Print word for word the first line of the records below and every following line through the one containing "Μονοκατοικία 72 τ.μ."; print nothing else.

§ §

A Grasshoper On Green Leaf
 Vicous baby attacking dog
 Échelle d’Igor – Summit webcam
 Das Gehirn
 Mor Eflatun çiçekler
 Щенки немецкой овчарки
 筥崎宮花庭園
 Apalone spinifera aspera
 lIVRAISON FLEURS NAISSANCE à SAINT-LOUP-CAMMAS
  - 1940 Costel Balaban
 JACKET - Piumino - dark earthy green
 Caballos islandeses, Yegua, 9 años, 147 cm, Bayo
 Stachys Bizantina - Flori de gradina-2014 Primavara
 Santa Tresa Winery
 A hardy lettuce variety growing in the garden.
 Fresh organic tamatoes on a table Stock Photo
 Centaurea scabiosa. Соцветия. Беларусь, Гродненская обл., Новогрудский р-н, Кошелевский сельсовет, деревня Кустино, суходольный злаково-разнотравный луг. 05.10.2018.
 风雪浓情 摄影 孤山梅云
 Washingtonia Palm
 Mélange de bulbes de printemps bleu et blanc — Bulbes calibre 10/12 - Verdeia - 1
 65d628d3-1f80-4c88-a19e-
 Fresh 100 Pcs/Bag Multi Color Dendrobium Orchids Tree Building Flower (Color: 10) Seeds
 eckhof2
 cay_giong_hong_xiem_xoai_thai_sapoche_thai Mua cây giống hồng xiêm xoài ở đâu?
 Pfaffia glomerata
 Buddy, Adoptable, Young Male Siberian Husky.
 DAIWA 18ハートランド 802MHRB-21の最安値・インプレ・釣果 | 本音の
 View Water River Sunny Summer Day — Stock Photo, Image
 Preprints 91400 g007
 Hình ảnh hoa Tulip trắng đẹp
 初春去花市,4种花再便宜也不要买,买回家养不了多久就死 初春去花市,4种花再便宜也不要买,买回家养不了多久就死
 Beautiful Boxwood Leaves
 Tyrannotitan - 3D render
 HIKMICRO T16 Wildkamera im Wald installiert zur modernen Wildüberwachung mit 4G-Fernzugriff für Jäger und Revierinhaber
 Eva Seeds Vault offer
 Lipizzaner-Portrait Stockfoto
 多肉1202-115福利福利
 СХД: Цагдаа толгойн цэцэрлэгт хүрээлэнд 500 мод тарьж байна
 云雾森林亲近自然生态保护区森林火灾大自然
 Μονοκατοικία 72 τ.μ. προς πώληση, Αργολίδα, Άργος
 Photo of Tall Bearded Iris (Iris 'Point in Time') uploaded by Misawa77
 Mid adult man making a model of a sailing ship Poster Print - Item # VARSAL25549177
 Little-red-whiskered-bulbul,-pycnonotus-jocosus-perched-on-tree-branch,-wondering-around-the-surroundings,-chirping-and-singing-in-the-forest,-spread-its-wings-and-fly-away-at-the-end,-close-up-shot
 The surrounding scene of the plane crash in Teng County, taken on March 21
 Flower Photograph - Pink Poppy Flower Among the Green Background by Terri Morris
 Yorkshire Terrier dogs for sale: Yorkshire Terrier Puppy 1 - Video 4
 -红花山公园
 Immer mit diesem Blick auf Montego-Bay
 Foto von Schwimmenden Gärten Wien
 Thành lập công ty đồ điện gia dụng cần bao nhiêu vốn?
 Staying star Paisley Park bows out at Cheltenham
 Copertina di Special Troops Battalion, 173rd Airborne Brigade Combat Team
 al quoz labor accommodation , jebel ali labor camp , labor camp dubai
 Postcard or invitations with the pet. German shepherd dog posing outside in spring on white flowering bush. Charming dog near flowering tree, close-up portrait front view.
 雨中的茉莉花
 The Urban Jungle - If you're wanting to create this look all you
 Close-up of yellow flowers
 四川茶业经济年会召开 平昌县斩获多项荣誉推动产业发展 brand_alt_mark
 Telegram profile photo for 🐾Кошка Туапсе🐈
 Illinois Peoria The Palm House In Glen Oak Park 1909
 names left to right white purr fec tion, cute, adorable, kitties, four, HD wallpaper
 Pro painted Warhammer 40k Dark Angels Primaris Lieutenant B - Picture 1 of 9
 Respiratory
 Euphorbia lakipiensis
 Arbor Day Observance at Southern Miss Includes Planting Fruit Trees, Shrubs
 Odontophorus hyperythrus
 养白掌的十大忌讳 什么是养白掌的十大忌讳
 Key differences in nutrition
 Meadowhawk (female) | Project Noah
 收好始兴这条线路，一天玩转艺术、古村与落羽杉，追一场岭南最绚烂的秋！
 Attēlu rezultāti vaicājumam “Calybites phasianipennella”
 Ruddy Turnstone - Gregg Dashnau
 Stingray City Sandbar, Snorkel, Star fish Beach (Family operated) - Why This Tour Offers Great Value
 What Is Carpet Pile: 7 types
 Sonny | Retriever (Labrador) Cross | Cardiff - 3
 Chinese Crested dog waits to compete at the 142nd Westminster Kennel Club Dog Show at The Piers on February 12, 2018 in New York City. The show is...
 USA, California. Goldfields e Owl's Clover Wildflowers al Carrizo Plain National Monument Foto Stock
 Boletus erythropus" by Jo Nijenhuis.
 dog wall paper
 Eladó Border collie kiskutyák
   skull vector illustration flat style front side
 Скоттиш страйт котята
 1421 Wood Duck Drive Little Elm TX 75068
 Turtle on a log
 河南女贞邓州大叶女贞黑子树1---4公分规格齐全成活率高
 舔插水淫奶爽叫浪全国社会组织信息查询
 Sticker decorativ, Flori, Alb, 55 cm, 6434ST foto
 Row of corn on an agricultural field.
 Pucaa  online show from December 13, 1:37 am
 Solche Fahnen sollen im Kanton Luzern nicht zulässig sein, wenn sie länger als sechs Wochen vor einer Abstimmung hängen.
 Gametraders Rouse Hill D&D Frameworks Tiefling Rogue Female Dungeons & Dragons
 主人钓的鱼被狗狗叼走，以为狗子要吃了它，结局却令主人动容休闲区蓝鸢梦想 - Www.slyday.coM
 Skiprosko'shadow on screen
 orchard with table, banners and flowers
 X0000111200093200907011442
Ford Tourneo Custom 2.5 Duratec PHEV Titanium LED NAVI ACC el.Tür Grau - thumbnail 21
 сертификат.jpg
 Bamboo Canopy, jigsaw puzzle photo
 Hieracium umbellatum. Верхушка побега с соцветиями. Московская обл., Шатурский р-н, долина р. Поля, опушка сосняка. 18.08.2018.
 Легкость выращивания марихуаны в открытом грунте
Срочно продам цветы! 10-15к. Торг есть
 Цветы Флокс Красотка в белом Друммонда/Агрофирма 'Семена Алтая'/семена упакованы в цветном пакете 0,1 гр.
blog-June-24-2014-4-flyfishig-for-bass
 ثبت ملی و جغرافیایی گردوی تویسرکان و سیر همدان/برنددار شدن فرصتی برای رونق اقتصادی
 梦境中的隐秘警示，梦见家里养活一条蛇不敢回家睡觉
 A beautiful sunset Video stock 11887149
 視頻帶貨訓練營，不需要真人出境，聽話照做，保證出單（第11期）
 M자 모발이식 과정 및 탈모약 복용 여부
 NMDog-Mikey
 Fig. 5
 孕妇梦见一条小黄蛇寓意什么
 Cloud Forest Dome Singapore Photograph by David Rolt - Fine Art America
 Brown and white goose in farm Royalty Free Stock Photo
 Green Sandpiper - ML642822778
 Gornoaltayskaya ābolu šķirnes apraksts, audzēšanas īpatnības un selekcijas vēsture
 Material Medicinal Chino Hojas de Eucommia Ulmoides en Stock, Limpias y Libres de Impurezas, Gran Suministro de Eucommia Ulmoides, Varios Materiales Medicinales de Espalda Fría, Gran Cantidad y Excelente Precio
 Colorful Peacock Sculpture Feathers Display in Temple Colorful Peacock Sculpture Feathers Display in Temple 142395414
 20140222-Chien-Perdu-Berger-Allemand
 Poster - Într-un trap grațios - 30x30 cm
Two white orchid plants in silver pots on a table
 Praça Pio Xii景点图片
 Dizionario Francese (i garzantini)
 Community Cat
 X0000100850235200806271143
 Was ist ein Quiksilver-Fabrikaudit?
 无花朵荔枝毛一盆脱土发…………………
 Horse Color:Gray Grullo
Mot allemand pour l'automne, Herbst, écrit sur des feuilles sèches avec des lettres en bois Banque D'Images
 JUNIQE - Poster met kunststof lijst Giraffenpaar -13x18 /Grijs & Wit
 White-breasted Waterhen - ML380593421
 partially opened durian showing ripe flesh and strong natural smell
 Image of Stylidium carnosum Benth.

§ §

> **Answer below**
A Grasshoper On Green Leaf
 Vicous baby attacking dog
 Échelle d’Igor – Summit webcam
 Das Gehirn
 Mor Eflatun çiçekler
 Щенки немецкой овчарки
 筥崎宮花庭園
 Apalone spinifera aspera
 lIVRAISON FLEURS NAISSANCE à SAINT-LOUP-CAMMAS
  - 1940 Costel Balaban
 JACKET - Piumino - dark earthy green
 Caballos islandeses, Yegua, 9 años, 147 cm, Bayo
 Stachys Bizantina - Flori de gradina-2014 Primavara
 Santa Tresa Winery
 A hardy lettuce variety growing in the garden.
 Fresh organic tamatoes on a table Stock Photo
 Centaurea scabiosa. Соцветия. Беларусь, Гродненская обл., Новогрудский р-н, Кошелевский сельсовет, деревня Кустино, суходольный злаково-разнотравный луг. 05.10.2018.
 风雪浓情 摄影 孤山梅云
 Washingtonia Palm
 Mélange de bulbes de printemps bleu et blanc — Bulbes calibre 10/12 - Verdeia - 1
 65d628d3-1f80-4c88-a19e-
 Fresh 100 Pcs/Bag Multi Color Dendrobium Orchids Tree Building Flower (Color: 10) Seeds
 eckhof2
 cay_giong_hong_xiem_xoai_thai_sapoche_thai Mua cây giống hồng xiêm xoài ở đâu?
 Pfaffia glomerata
 Buddy, Adoptable, Young Male Siberian Husky.
 DAIWA 18ハートランド 802MHRB-21の最安値・インプレ・釣果 | 本音の
 View Water River Sunny Summer Day — Stock Photo, Image
 Preprints 91400 g007
 Hình ảnh hoa Tulip trắng đẹp
 初春去花市,4种花再便宜也不要买,买回家养不了多久就死 初春去花市,4种花再便宜也不要买,买回家养不了多久就死
 Beautiful Boxwood Leaves
 Tyrannotitan - 3D render
 HIKMICRO T16 Wildkamera im Wald installiert zur modernen Wildüberwachung mit 4G-Fernzugriff für Jäger und Revierinhaber
 Eva Seeds Vault offer
 Lipizzaner-Portrait Stockfoto
 多肉1202-115福利福利
 СХД: Цагдаа толгойн цэцэрлэгт хүрээлэнд 500 мод тарьж байна
 云雾森林亲近自然生态保护区森林火灾大自然
 Μονοκατοικία 72 τ.μ. προς πώληση, Αργολίδα, Άργος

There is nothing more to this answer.